Recorded data:
· · · ·

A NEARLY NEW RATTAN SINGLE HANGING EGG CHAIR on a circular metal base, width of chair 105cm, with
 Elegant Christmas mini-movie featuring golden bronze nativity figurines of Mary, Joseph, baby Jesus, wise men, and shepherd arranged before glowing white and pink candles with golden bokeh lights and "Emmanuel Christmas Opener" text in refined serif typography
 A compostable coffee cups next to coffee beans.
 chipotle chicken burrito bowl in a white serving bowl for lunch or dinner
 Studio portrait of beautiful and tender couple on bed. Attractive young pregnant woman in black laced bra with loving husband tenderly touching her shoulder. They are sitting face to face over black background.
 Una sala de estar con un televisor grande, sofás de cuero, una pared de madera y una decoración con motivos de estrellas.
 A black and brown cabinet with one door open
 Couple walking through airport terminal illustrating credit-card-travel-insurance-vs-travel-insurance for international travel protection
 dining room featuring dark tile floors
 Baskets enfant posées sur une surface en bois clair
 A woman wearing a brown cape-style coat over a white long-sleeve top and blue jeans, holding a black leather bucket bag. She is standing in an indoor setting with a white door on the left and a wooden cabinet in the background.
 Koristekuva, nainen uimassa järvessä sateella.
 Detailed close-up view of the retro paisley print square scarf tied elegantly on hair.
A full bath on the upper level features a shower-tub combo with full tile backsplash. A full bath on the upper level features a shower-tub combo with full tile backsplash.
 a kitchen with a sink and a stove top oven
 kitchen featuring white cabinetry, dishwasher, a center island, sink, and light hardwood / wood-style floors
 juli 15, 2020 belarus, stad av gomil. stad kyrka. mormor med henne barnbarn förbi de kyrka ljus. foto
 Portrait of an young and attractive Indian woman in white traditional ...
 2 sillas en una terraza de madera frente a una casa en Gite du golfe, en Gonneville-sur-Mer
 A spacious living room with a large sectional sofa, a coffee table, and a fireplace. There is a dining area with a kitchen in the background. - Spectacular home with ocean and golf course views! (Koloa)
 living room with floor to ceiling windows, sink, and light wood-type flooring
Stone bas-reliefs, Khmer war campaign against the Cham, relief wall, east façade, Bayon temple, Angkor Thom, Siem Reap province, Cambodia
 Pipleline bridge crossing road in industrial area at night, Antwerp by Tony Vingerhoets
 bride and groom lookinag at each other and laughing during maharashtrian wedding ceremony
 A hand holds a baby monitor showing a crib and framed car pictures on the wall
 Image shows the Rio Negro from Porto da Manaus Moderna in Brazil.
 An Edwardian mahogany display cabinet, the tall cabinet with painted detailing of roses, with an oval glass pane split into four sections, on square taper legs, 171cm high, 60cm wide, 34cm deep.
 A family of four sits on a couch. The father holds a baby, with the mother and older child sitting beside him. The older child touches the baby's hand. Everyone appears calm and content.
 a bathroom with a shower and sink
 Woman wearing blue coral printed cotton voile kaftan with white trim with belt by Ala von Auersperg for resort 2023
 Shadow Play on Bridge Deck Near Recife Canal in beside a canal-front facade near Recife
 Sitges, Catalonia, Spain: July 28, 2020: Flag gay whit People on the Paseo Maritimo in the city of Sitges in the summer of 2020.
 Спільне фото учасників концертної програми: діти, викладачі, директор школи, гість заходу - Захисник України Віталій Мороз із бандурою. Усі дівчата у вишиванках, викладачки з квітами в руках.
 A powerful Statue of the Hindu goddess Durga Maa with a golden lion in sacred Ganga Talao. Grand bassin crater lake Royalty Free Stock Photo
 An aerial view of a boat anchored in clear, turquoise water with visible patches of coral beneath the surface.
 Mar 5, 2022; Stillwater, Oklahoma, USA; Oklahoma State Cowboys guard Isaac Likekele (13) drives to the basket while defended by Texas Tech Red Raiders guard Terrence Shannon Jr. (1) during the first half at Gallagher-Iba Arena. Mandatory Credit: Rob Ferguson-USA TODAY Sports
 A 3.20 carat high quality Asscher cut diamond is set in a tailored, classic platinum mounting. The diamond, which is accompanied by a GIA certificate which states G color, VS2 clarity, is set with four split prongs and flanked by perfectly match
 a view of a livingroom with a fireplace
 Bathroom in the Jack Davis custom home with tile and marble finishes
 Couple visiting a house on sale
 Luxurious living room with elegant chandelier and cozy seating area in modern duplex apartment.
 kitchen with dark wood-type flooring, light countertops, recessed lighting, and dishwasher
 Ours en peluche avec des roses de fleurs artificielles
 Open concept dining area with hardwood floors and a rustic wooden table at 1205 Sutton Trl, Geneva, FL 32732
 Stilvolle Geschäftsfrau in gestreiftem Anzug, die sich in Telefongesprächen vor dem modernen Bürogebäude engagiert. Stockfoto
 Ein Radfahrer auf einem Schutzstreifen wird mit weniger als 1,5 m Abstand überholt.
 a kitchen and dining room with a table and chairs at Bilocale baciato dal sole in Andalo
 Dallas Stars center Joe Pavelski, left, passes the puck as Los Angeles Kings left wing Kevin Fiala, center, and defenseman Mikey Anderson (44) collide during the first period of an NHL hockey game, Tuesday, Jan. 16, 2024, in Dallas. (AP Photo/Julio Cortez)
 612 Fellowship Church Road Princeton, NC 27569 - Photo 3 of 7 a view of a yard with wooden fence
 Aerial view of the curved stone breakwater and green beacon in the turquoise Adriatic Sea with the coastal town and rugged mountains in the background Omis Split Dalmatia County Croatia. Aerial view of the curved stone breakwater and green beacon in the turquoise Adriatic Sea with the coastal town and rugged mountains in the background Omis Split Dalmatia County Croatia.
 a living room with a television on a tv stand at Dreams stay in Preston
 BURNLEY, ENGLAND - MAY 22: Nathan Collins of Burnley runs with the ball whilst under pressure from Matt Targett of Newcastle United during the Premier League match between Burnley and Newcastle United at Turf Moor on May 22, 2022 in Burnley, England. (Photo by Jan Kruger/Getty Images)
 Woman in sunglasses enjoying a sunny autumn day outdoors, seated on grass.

· · · ·

**Requirement**
Which lines of the data include "over"? Copy each of them.

**Response area**
 Studio portrait of beautiful and tender couple on bed. Attractive young pregnant woman in black laced bra with loving husband tenderly touching her shoulder. They are sitting face to face over black background.
 A woman wearing a brown cape-style coat over a white long-sleeve top and blue jeans, holding a black leather bucket bag. She is standing in an indoor setting with a white door on the left and a wooden cabinet in the background.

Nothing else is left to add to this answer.